DANVERS — Civil rights leaders, elected officials, and residents decried school and police officials in this North Shore town on Monday for concealing allegations of violent, racist, and homophobic locker room behavior by members of the 2019-2020 boys varsity high school hockey team, whose coach was a prominent Danvers police sergeant.
At an evening School Committee meeting, longtime school Superintendent Lisa Dana became a target of the outcry, as board member Robin Doherty called for her to be placed on immediate leave, while others said anyone responsible for the district’s handling of the alleged misconduct should resign.
The outcry followed a Boston Globe report over the weekend on an effort by town officials to withhold details of the locker room behavior and offensive language allegedly used by members of the team in group texts.
Gabe Lopes, a Black resident whose children attend the Danvers schools, told the board the district needs a sweeping change of leadership to provide “a fresh start.”
“Please step down,” Lopes said, addressing Dana and other school leaders during a tense and at times contentious meeting.
With about 35 people in attendance, some carrying signs protesting the district’s response to the allegations, the board went into executive session after Doherty called for the five-member panel to vote on placing Dana on immediate administrative leave “while the School Committee can ascertain the best path moving forward for the administration and students.”
Board member Alice Campbell, who like Doherty was first elected in May, seconded the motion.
“It is unacceptable that not a single adult was held accountable,” Campbell said. “With a lack of real action, we failed our students, parents, caregivers, and community members . . . we cannot accept no further action.”
Dana told the board she is committed to improving the district’s climate of diversity, equity, and inclusion and listed steps she has taken in response to the alleged misconduct. She did not address the call to place her on leave. The committee will hold another executive session next Monday to discuss the motion further.
In a Facebook post earlier in the day, US Representative Seth Moulton said the Globe report “shows that there has been a clear failure of leadership and courage at all levels, from the coaches to administrators. This negligence only contributed to the perpetuation of this toxic and harmful culture. If Danvers wants to move forward from this, they will have to do so with transparency, accountability and confronting this issue head on.”

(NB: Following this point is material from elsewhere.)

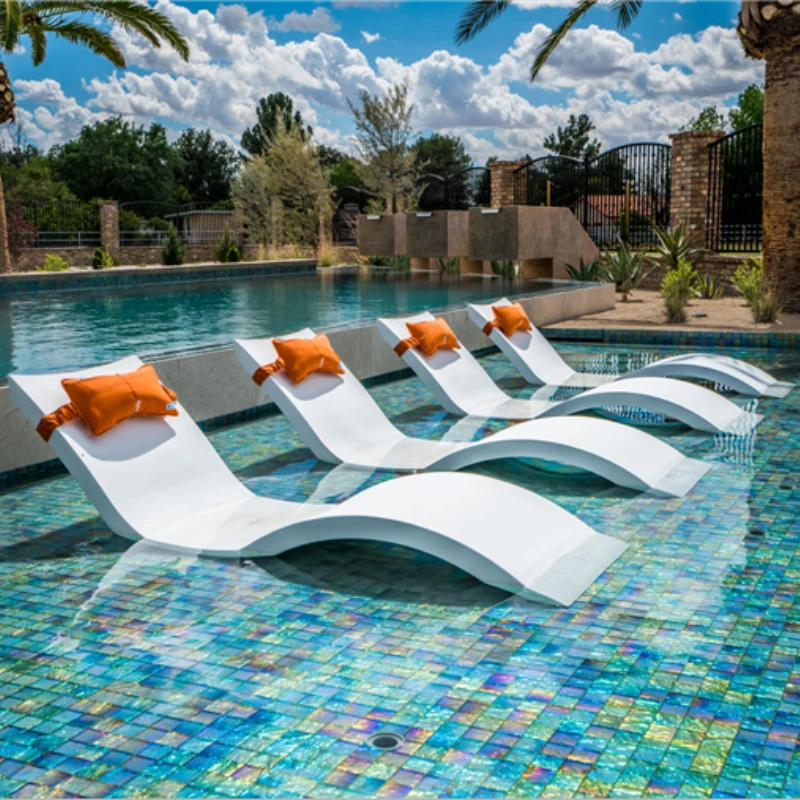 In-pool Chaise Lounge Chair Outdoor Ledge Sun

Town officials learned of the hockey team’s alleged misconduct in June 2020. They later compiled two investigative reports and commissioned a third but have since blacked out references in those reports to the alleged locker room conduct and group text chat.
Board member Arthur Skarmeas, who served on the committee during the investigations, cautioned against “scapegoating’' anyone and defended the board’s handling of the allegations.
“If you think we haven’t done anything about this for the past year and a half and took it lightly or brushed it off or swept it under the rug, that’s a bunch of crap,” Skarmeas said.
Eric Crane, the committee chair, also defended the board, saying school leaders were legally obligated to protect the privacy of students and employees.
A member of the 2019-20 hockey team told the Globe that he reported to police, school officials, and a special investigator that two teammates physically restrained him while another repeatedly struck him in the face with a plastic sex toy because he refused to shout a racial slur in one of the all-white team’s locker room rituals.
The rituals were allegedly known on the team as “Hard R Fridays,” the “R” referring to the final letter of the n-word.
The player said he also reported that a player touched him inappropriately after the team stripped naked and turned off the lights during a locker room ritual known as “Gay Tuesdays.”
The police sergeant who coached the team, Stephen Baldassare, has denied knowing anything about the locker room behavior or offensive texts, according to town officials.
Baldassare resigned from his coaching position in July. He was the high school resource officer when he began coaching the team in 2015. He now serves in the police department’s juvenile division.
Robert Trestan, New England regional director of the Anti-Defamation League, has helped many school districts confront hate speech, discrimination, and abuse.
“When schools conduct an investigation, they owe it to the community to be clear and comprehensive about its scope, and report out the findings and its commitment to implementing any recommendations,” Trestan said. “Community stakeholders have a right to know what happened and what steps are being taken to ensure that every aspect of the school environment, from the ice to the hallways, are free from all forms of racism, antisemitism and hate.”
Addressing the school board, a woman whose son was a freshman on the 2019-20 team and remains on the team defended Baldassare and said her son saw nothing inappropriate in the locker room. She said Baldassare’s detractors have falsely branded him with a “a scarlet letter’' and caused mental anguish for her son and other players who never misbehaved.
Robin Healy, who is Crane’s wife, told the board she believed the alleged victim’s account and suspected that other players may also have been abused. But as “appalled” as she was by the accusations, she expressed sympathy for players who did nothing wrong but felt tainted by association.